Maschile e femminile, immanente e trascendente, corpo e spirito, lealtà e tradimento sul finire del romanzo irrompono attraverso i personaggi di Roberto e di Ida. Il primo è l’uomo di cui Giovanna si innamorerà davvero e pare rappresentare con il suo legame di natura intellettuale con la religione proprio quell’aggancio con la trascendenza che l’opera di Elena Ferrante ha illustrato in altri termini attraverso la tetralogia di L’amica geniale.  La seconda è la giovanissima amica che si fa bocciare per aver troppo letto e scritto per conto suo.

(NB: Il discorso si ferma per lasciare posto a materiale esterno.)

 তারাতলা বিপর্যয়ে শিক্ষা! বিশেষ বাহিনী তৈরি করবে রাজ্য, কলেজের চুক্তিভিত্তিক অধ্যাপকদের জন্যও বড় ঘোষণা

Giovanna sceglierà proprio Ida come compagna di un viaggio dal sapore iniziatico alla volta di Venezia, dopo avere indicato all’amica di essere la prescelta dandole senza vergogna un bacio sulla bocca ai giardini della Floridiana nonostante l’andirivieni di madri che sospingono passeggini. 

Il romanzo finisce qui. Lasciamo con disappunto il bel Roberto che sta scrivendo un saggio sulla compunzione: “La chiamò più volte addestramento a pungersi nella coscienza, attraversandola con ago e filo come la stoffa quando bisogna farne un abito”. Compunzione ha a che fare con il rimorso, con il pentimento; come dice il vocabolario della lingua italiana Treccani, è un atteggiamento ostinato di umiltà e afflizione, talora ipocrita che nella teologia cristiana sta anche come sinonimo di contrizione… è troppo, quanto bisognerà aspettare per l’uscita del prossimo romanzo?

Ferrante sembra dire che tra il guardare e il vedere c’è un baratro che certi adulti ricolmano abilmente di parole sempre più scollate dal campo in cui accadono le cose della vita vera che è più tremenda e più magica di tutte le menzogne del mondo. Se davvero Elena Ferrante con La vita bugiarda degli adulti ha voluto dire questo, io ci credo.